First question: I don't know, but I don't think so.
Second question: No. Cabinda was a separate portuguese protectorate until either the late XIX century or the early XX century, after which the colonial administration integrated it in Angola. Naturally, the locals weren't heard about it. In 1974-75 when Portugal gave the independence to it's african colonies, it was done in a colony per colony basis, including Guinea-Bissau and Cape Verde (that had a common nationalist party (and guerrilla) for both - PAIGC, operating mainly in Guinea, but with a leadership composed mainly of cape-verdeans. A loose confederation was formed between the two countries after the independence. It didn't last long, though). So, since Cabinda was already a part of Angola, there where never plans for a separate independence process for the territory.

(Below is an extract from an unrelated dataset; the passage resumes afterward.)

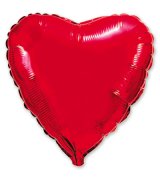 Шарик 18" сердце металлик Red, 1204-0085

Jorge Candeias, 4 March 1999

The Fischer Weltalmanach (1976) has a virtual independent Cabinda; Cabinda became important in the '60's, when the Golf Oil Co. dicovered oil. The independance movements of Angola saw Cabinda always as an integral part of Angola, while Zaire and the PR Congo (Brazzav.) assisted separatist tendencies; FLEC (Frente de Liberac,ao de Cabinda) had its main seat in Kinshasa till 1975. In July 1975 a provisional revolutionary government (president: Luis Ranque Franque, president of FLEC, prime minister: Francisco Xavier Lubota) was proclamed, which wanted elections, and independence on 11.11.1975, together with Angola.
The Fischer Weltalmanach (1977) has (p. 701): The struggle for independence in Cabinda came to an end when the MPLA occupied it. Since 1976 Cabinda is part of Angola.
(p. 691): The exclave Cabinda was declared independent by the FLEC on 1 Augustus 1975, but fell into the hands of the MPLA.
The Fischer Weltalmanach (1978) mentions a new FLEC-provisional government under Henrique Thiago in Sanda-Massala.
After that it stayed Angolan, as far as I know.
Jarig Bakker, 4 March 1999

This [the 1977 entry, ed.] is very innacurate. See my previous message on the subject.